The U.S. Department of Agriculture expects the number of mobile slaughterhouse units to grow and has provided financial assistance to at least four in the past half-decade
Photograph by: Scott Olson, Getty Images Files, Bloomberg
The six-person team gathers its equipment and heads out in heavy boots and tie-dyes, moving in for the kill.
Sharpened knives? Check. Scalder? Check. A "kill cone" to drain blood from upsidedown chickens? Check.
Towed behind a Ford F-250 pickup, Island Grown Initiative's mobile poultry slaughtering unit is on the move in Martha's Vineyard, ready to feed the growing appetite for locally raised products on the Massachusetts island best known as a vacation playground for the Kennedys.

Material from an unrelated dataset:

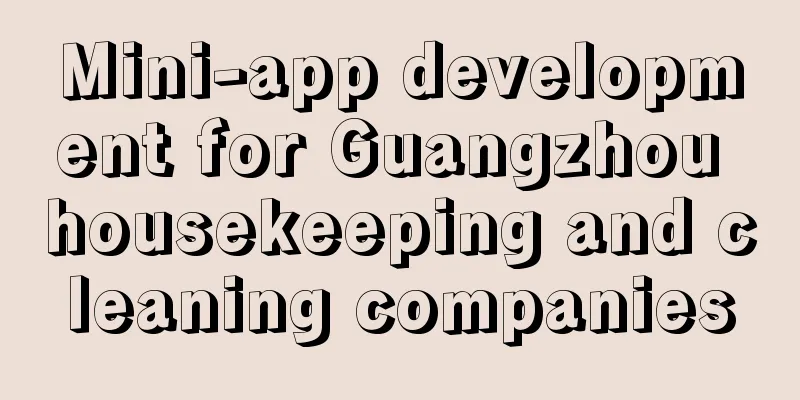 Mini-app development for Guangzhou housekeeping and cleaning companies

"Without that unit, I would not be able to farm," said Jefferson Munroe, 34, who tends a small flock on the north side of the island that provides fresh chicken to local restaurants.
While fruit and vegetable growers can often handle their own harvesting needs, livestock requires slaughter - a messy business that could be unwelcome in affluent communities, where demand for locally produced food is highest. Enter Island Grown, a non-profit formed by Munroe and others that comes to the farm to slaughter, scald and pluck.

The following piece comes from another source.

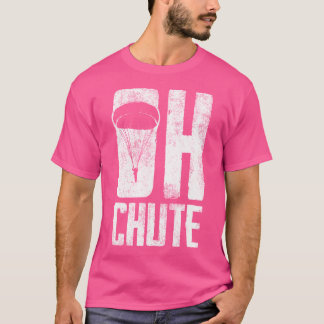 Funny Parachuting Lover Graphic For Women And Men T-Shirt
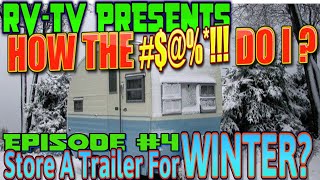 How to store your travel trailer for the winter Jason from RVTV offers great winter storage tips [upl. by Ahsan]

The U.S. Department of Agriculture estimates 20 mobile units are in operation around the country. Units from Texas to Alaska butcher birds, cows, pigs and other animals as the market for locally produced food has grown from a beachhead of hippie co-ops and healthfood stores to Whole Foods Market Inc., Wal-Mart Stores Inc. and Kroger Co.
"Mobile slaughter is crucial" to building local and regional food systems, U.S. Agriculture Secretary Tom Vilsack said in an interview. "It's still a relatively small piece of agriculture, but what I like about it is it offers local opportunities. You don't have to be a large operator, or a productionsized operator, to get into this business."
The department expects the number of units to grow and has provided financial assistance to at least four in the past half-decade, Vilsack said. Along with $17 million US in aid to the local-meat sector since 2009, the department has given advice on feasibility and technical assistance. Island Grown received $9,300 from the USDA for education and promotion.
The number of farmers engaged in local-foods sales rose 24 per cent to 144,530 in 2012 from a decade earlier, according to an agriculture department census released in May. That growth took place even as the total number of producers fell 0.9 per cent to 2.11 million in the same period.
A consolidation of agriculture has squeezed out smaller slaughterhouses that could profitably serve alternative producers. Bigger facilities, which offer economies of scale and advantages in waste handling, can be out of place in upscale areas such as Martha's Vineyard, 113 kilometres south of Boston, where seasonal visitors include the Obamas, singer James Taylor and moviemaker Spike Lee.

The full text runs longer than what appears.